But we can't teach that because that's scary and that might offend some people.
That would give that would give at least one of them a fighting chance.
In other words, there are some things, but we don't how do you teach kids stranger danger?
And I don't know.
I hope I'm not letting the cat of the bag.
But yeah, Josh was there with his daughter, and even his young boy, he was, you know, he b had him uh using my lever action rifle, and Josh was basically shooting with his hands, but getting him familiar with it.
And I'm watching that going, this is that's that's what this used to be.
Teaching people how to be responsible and preparing for these scenarios.
Also, I know what people are gonna say.
You know, you're far more likely to die in a car crash than being mugged or shut up.
Who cares?
That's like when people say you're more likely to be struck by lightning than be bitten by a shark.
Okay, I understand that because I spend ninety-nine point nine nine nine nine percent of my time on fucking land.
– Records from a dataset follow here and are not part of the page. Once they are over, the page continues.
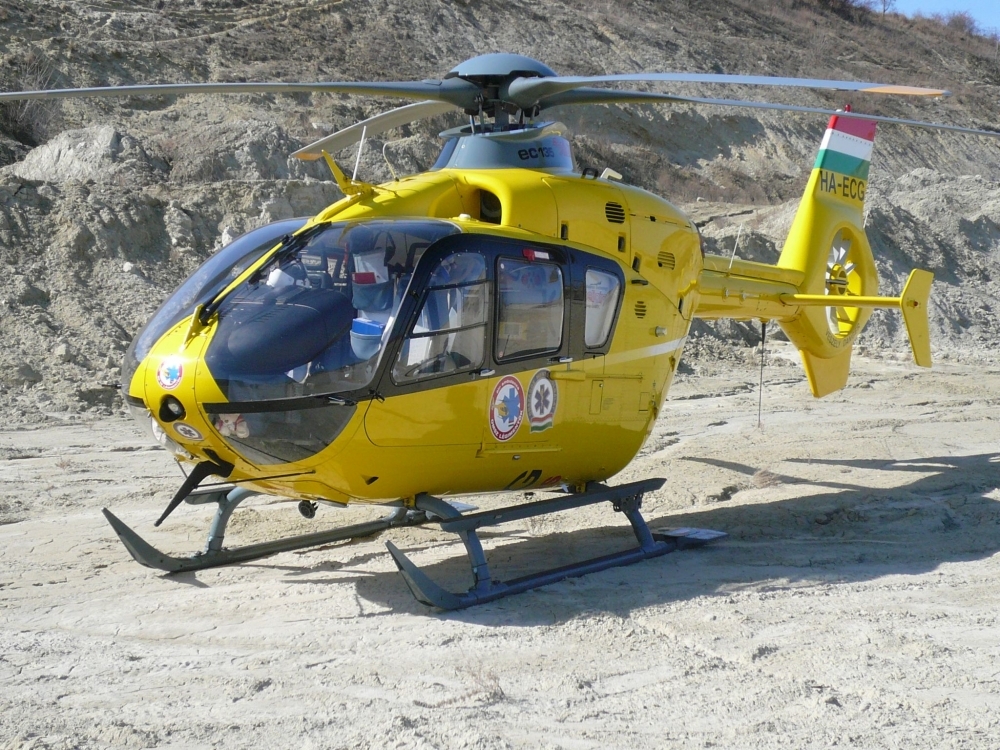 Korszerűsítették az ország mentőhelikopter-állományát 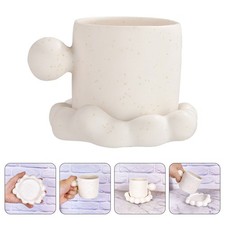  Tazzine Caff Tazza D'acqua Ceramica Usa Quotidianamente Coppa Latte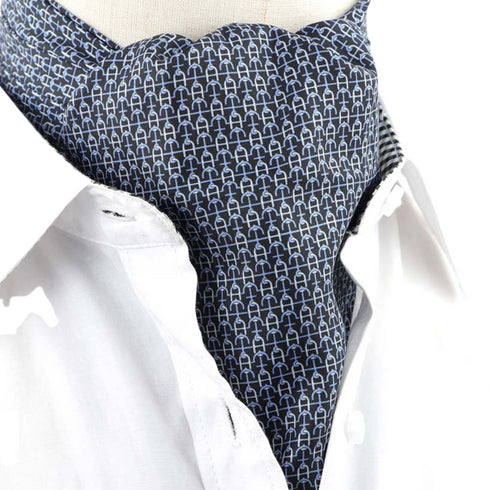 Modern Men's Ascot Cravat Tie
But when I go into the shark's house, am I more likely to be bitten?
In other words, if I spent 50% of my life on land and 50% in the water, you and I both know that I'd be more likely to be bitten by something that lives in the water than struck by lightning on land.
The same thing here.
Sure, I'm more likely to die of a car accident than be mugged, but does that likelihood go up if I'm by myself after dark on public transit?
Of course it does.
You put on your you put on your headlights at night, you do things to keep yourself safe, like put on a seatbelt.
That's all we're saying.
Is yeah, do those things to keep yourself safer.
Her situation is different though.
You know, she did come from Ukraine.
Yeah, yeah.
Yeah.
Coming from a different uh environment, different country, a different culture.
She's probably never seen a black person before.
She well, um that's what uh the point I try to make earlier uh was she's watched our mainstream media.
Yeah.
That's her idea of what Americans are based on what she has been told through the mainstream media her whole life.
But let me ask you this.
So she has no idea what she seeks what she's expecting.
She has no idea to be cautious of that.
Other people in the train knew that.
There's no one in front of that guy.
Right.
There's there was no one.
There was a uh there's a reason why there's no one in front of that guy.
Right.
Let me ask you this.
This is a hypothetical.
Uh the judge, what do I have?
It's uh magistrate judge Teresa Stokes.
Okay, let's say there's a there's an alternative universe.
I'm not giving her judgehood based on the based on those eyes.
No, no, exactly.
But let's say there's an alternative universe where Zarutska gets on uh that train.
Okay, looks, sees uh sees that man uh de Carlos Brown.
Carlos Brown Jr.
Looks at him and and uh knowingly, very obviously chooses another seat, and De Carlos Brown Jr. goes, what you don't want to sit you don't want to sit in front of me?
And she says, That's right.
He says, Why not?
Because I'm black, and she says yes.
And it becomes an incident.
And it gets taken before a judge.
And he goes, she went to another seat and said it was because I was black.
And I said, Is it because I'm black?
And she said, What did you say?
And she said, Well, I said yes, because you are more likely to commit crime, and I don't want to be hurt, so I decided to sit somewhere else.
You want to bet that judge would give her a talking to about prejudice and discrimination?
Honestly, in your heart of hearts.
If she just said, yes, he said, why are you sitting there?
And I said, Because you are a black man and I don't want to be hurt.
It is late at night, and I want to be safe, so I'm going to sit here where I can see him because he is dressed in red with hoodie and uh has uh dread looks, and uh they are more likely to commit crime.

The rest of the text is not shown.